● **Task to complete**
All lines in the records below that hold "Peugeot" are to be shown.

Records from a collection:
<<<<
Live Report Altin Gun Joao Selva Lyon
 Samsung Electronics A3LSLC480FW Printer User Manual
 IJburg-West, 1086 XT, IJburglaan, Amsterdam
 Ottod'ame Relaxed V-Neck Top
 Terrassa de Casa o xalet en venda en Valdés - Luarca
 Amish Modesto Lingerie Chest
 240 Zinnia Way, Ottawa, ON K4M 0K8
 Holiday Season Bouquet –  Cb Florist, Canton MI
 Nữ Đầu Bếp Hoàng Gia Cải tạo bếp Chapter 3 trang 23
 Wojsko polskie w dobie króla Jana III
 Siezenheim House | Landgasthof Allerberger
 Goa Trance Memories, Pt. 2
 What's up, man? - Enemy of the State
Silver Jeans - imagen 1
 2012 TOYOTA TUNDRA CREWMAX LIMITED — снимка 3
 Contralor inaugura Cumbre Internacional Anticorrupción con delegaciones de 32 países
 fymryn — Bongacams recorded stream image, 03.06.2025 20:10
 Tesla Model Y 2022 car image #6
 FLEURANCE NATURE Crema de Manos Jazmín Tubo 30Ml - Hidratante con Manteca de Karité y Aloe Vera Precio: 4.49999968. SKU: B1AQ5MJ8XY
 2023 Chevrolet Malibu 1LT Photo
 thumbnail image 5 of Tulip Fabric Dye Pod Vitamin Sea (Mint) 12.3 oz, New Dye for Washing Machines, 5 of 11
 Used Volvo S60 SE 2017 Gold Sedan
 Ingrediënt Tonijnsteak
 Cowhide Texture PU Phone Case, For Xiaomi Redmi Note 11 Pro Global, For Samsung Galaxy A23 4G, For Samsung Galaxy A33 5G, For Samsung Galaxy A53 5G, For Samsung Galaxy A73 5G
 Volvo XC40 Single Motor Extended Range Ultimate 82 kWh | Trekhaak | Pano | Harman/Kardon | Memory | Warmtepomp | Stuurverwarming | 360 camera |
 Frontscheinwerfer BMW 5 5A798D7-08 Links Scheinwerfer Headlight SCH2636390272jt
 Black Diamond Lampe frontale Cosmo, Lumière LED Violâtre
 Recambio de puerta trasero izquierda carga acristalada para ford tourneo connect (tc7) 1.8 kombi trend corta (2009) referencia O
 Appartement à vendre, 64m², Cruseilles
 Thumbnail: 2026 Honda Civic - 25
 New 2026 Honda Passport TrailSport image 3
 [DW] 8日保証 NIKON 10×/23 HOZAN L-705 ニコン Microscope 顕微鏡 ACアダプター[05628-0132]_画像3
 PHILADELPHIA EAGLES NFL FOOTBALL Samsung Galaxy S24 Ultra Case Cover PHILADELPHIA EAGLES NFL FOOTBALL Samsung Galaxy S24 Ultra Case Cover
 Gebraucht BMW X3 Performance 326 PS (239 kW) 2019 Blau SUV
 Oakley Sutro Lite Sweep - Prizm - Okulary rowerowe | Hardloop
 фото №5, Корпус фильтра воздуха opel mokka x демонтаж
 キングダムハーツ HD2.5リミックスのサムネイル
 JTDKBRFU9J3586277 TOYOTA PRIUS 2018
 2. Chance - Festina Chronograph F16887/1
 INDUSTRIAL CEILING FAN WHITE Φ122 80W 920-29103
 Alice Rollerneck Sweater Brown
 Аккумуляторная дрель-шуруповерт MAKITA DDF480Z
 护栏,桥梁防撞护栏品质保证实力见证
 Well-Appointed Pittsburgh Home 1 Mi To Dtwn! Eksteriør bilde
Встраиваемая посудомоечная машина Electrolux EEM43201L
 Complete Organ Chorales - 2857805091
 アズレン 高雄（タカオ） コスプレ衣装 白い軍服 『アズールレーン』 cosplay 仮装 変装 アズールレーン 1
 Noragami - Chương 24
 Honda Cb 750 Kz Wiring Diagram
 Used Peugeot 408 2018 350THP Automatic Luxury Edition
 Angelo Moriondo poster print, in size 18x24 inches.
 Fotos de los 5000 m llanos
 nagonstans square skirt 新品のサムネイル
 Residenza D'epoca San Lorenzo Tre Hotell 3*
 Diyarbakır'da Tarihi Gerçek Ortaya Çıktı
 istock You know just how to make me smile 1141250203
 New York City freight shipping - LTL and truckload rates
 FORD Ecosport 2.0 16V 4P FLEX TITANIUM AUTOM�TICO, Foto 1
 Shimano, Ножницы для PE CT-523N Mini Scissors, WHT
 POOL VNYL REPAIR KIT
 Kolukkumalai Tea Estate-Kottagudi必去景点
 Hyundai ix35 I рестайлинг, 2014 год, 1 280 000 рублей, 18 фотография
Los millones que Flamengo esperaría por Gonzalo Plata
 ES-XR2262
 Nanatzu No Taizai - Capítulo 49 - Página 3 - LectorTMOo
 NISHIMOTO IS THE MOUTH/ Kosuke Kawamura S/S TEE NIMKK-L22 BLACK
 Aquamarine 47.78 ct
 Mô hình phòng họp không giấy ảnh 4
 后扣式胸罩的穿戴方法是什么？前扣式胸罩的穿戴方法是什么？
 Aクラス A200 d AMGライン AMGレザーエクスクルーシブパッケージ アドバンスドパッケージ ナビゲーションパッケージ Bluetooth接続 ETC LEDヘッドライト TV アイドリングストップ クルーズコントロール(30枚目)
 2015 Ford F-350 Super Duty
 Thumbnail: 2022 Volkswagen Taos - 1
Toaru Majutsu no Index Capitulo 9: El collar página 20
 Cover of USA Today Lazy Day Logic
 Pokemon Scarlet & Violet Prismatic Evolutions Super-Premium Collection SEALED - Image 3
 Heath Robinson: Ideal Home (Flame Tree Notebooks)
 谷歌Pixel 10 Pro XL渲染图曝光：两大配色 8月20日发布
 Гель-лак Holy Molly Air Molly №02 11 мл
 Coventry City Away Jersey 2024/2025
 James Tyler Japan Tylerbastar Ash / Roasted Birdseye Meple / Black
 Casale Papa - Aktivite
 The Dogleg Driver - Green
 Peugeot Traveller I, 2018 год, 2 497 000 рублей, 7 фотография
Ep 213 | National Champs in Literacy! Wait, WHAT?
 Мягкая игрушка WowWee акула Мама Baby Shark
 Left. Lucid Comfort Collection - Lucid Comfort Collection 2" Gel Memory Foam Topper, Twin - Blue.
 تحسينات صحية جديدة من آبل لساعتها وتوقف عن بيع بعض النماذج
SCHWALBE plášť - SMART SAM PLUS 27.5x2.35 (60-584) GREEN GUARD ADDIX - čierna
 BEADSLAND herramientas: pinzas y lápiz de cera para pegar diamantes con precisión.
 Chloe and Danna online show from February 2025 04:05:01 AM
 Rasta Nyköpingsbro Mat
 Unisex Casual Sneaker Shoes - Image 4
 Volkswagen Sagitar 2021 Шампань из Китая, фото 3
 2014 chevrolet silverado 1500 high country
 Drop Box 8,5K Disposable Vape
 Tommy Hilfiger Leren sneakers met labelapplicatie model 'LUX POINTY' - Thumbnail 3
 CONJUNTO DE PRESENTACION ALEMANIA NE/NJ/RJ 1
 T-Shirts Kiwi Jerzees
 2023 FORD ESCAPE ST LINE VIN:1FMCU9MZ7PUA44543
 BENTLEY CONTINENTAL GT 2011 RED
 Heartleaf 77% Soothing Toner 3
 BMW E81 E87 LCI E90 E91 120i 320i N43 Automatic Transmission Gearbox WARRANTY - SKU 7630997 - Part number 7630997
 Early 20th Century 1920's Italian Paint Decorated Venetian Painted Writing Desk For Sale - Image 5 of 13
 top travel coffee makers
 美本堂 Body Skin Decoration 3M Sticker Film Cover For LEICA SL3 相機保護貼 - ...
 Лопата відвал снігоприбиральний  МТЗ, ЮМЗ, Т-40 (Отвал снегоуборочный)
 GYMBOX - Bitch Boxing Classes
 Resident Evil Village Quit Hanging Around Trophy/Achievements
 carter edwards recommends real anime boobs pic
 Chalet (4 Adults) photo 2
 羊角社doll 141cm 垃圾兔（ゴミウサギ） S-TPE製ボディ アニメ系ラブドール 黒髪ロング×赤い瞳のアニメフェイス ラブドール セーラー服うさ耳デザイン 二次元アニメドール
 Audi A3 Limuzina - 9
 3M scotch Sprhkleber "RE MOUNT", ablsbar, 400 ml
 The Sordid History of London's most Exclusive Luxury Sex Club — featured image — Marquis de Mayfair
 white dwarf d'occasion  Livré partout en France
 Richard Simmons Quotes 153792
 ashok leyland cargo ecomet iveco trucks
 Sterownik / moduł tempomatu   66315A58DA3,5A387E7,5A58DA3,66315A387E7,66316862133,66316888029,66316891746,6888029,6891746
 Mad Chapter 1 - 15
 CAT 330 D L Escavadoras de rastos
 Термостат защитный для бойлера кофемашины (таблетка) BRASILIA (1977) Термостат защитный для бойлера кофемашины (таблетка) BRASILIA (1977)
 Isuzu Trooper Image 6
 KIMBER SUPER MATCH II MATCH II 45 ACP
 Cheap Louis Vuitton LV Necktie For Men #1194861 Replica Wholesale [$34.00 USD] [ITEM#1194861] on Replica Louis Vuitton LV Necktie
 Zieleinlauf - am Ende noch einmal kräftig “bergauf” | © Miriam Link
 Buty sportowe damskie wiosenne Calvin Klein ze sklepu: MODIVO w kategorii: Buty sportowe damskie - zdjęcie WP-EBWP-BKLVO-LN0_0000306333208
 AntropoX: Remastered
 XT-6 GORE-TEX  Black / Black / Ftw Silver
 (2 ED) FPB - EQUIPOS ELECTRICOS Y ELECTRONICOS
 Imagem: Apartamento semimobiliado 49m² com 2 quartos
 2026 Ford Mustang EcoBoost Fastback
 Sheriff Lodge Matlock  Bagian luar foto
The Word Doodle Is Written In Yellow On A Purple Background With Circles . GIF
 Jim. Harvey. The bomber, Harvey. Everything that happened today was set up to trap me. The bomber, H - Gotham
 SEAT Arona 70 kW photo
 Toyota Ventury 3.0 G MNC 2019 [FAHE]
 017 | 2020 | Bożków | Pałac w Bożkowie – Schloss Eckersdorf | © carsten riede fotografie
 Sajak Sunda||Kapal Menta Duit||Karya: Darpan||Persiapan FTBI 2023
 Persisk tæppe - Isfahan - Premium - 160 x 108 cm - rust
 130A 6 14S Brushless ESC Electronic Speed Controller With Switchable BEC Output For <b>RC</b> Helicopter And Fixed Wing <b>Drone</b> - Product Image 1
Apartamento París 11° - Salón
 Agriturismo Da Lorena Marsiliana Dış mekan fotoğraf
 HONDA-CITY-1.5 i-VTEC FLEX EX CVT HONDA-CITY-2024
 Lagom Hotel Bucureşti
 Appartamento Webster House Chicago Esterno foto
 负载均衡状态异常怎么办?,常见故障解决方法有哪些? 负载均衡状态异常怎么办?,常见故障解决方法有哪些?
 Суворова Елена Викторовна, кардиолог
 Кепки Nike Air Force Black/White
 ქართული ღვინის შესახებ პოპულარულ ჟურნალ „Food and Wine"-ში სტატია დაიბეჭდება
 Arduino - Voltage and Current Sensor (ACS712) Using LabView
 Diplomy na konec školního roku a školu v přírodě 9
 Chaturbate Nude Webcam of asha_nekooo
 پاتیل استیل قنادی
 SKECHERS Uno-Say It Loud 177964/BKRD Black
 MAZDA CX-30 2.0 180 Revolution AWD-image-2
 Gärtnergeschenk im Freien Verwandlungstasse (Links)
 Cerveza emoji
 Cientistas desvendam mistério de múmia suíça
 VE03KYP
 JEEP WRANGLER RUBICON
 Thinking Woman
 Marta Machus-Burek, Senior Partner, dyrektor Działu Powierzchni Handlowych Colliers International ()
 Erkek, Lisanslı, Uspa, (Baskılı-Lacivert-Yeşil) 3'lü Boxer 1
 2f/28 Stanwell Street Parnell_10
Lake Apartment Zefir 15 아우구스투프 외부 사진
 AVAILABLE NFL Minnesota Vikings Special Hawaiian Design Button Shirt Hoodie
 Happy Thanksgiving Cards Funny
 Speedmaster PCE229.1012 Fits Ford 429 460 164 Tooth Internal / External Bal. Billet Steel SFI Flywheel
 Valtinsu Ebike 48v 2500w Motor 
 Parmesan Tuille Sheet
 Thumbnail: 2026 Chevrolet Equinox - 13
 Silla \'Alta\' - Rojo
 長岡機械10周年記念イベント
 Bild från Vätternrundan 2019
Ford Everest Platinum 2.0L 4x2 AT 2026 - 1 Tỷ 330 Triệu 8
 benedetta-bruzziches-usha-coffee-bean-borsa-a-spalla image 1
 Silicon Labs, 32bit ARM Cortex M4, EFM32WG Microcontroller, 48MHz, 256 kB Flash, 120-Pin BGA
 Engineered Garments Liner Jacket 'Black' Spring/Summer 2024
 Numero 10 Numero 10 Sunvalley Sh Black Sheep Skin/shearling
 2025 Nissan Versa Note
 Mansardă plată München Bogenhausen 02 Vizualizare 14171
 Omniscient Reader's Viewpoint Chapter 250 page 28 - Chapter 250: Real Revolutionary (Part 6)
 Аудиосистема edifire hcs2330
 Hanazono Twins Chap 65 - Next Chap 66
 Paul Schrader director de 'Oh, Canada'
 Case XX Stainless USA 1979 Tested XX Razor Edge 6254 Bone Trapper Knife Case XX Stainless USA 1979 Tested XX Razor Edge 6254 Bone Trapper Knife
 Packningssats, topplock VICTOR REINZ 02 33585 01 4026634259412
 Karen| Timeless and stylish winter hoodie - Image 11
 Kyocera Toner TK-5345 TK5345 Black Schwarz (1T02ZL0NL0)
>>>>
● **Exercise solution**
 Used Peugeot 408 2018 350THP Automatic Luxury Edition
 Peugeot Traveller I, 2018 год, 2 497 000 рублей, 7 фотография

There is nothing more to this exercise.